PROBLEM
Pictures stay out of the answer, but every line of the material must be restated exactly.

• • • •

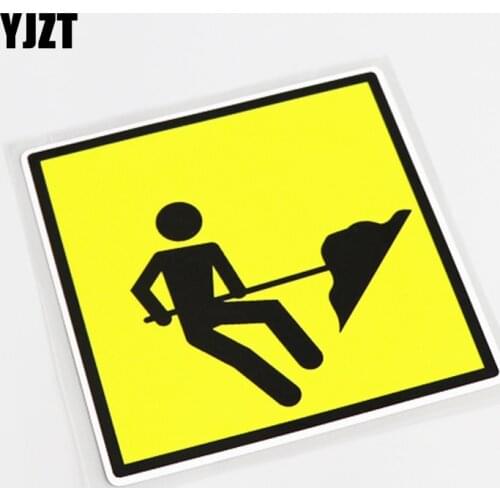 YJZT 15.8CM*15.8CM Fashion Warning Mark Construction Graphical PVC Decal Car Sticker 13-0757
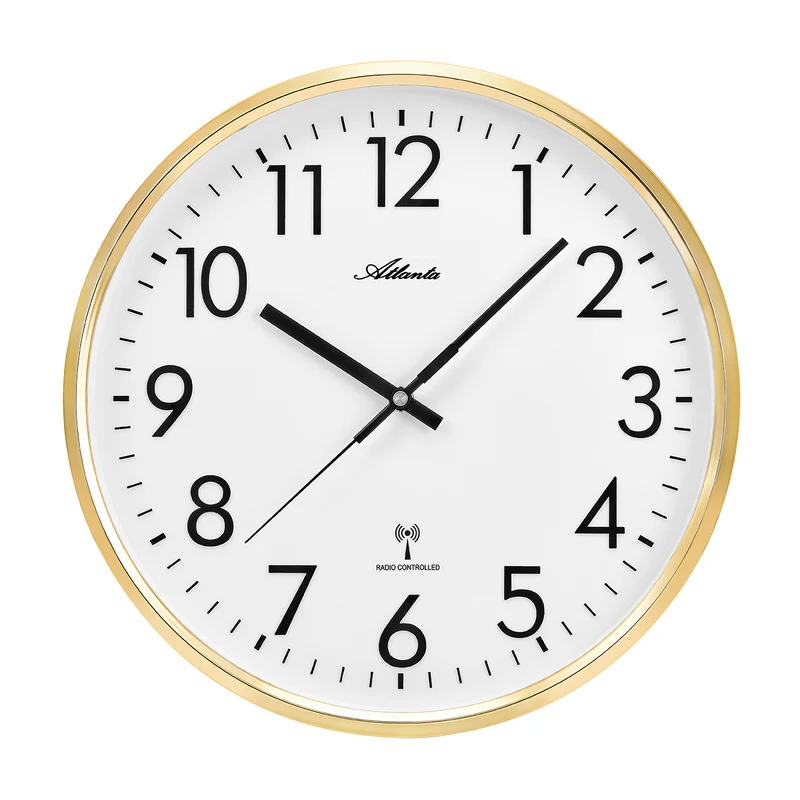 Atlanta 4516/9 Wanduhr Goldfarben • Funk-Synchronisation • Klassisches Design
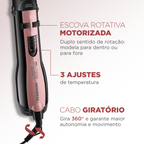 Escova Rotativa Mondial Golden 5 em 1 1200W Black Rose 220V
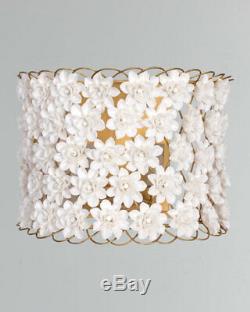 Anthropologie Wall Sconce Light Luxe Mid Century Porcelain Flower & Gold NEW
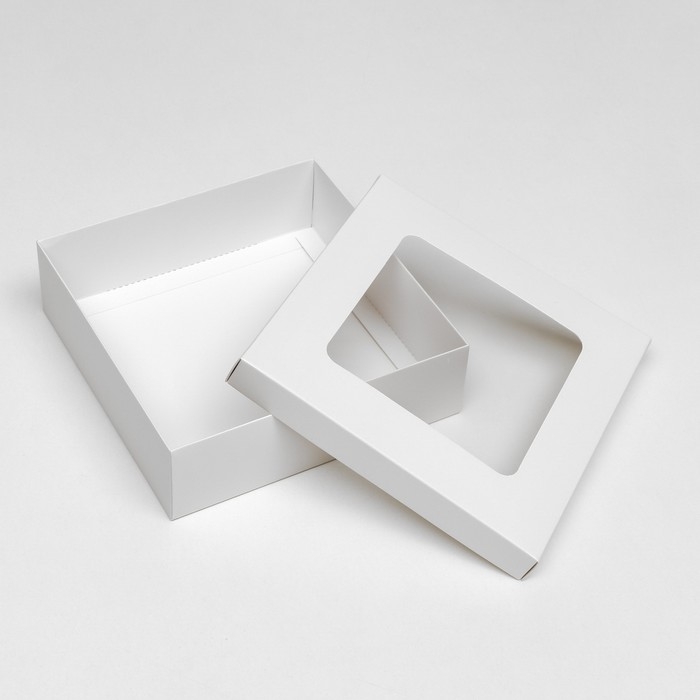 Коробка подарочная складная, упаковка, крышка-дно, с окном, белая, 20 х 20 х 6 см Коробка подарочная складная, упаковка, крышка-дно, с окном, белая, 20 х 20 х 6 см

• • • •

COMPLETED EXERCISE
 YJZT 15.8CM*15.8CM Fashion Warning Mark Construction Graphical PVC Decal Car Sticker 13-0757
 Atlanta 4516/9 Wanduhr Goldfarben • Funk-Synchronisation • Klassisches Design
 Escova Rotativa Mondial Golden 5 em 1 1200W Black Rose 220V
 Anthropologie Wall Sconce Light Luxe Mid Century Porcelain Flower & Gold NEW
 Коробка подарочная складная, упаковка, крышка-дно, с окном, белая, 20 х 20 х 6 см Коробка подарочная складная, упаковка, крышка-дно, с окном, белая, 20 х 20 х 6 см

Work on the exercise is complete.